Mais n’allez pas croire que les femmes qui procréent à un (trop) jeune âge ont la cote. Si la société traite les femmes 30+ sans enfants d’égoïstes, on pourrait penser qu’elle regarderait d’un oeil bienveillant un autre phénomène en augmentation : les grossesses chez les adolescentes. Mais non. Pour la plupart des gens, les "filles mères" restent des irresponsables, des filles faciles, voire des traînées. Encore une fois des préjugés. Bien que le phénomène reste souvent qualifié de fléau social (dans la classe ouvrière évidemment) et de preuve d’échec de l’éducation sexuelle, une nouvelle réalité semble émerger. Celle d’un choix conscient et assumé chez ces filles : de devenir mère, de créer un foyer, de prendre son destin et celui de son enfant en main, avec ou sans l’aide du père. Pas facile, c’est clair, mais pour beaucoup d’entre elles c’est loin d’être la catastrophe qu’on suppose, comme en témoigne un ensemble d’ [1]. Un reportage récent dans le Nieuwsblad (janvier 2010) vient l’illustrer. Pour les trois jeunes femmes interviewées, cet événement dans leur vie avait semblé plutôt bénéfique : épanouissement, responsabilisation, nouvelle motivation d’études, le bonheur d’avoir quelque chose pour laquelle elles veulent se battre. Autrement dit : elles étudient, ne passent pas de nuits blanches dans les bars à draguer, à se saouler et à fumer. Peut-on désirer une jeunesse plus recommandable ? Il faut dire que l’école que fréquentaient les trois filles gérait la situation d’une façon exemplaire : elle organisait une crèche pendant les cours, prévoyait un suivi social... Loin d’être des parentes isolées et désemparées, les filles trouvaient aussi un superbe soutien entre elles.

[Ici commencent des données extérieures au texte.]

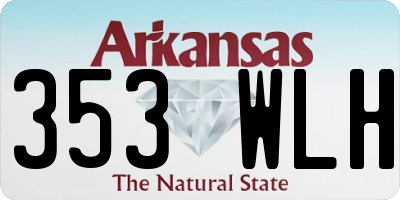AR license plate 353WLH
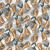 Tropical print fabric - Mangos in White colorway Tropical print fabric - Mangos in White colorway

Des solutions existent donc, pour autant que la société y mette du sien, et qu’on veuille bien regarder au-delà de la fausse panacée du "père subvenant aux besoins de la famille". Et qui sait, le pères aussi pourraient y trouver leur compte, et gagner plus de liberté pour passer du "vrai" temps avec leurs enfants.
[1] 1. Teenage Parenthood : what’s the problem ? Claire Alexander, Simon Duncan and Rosalind Edwards (eds) The Tufnell Press (2010)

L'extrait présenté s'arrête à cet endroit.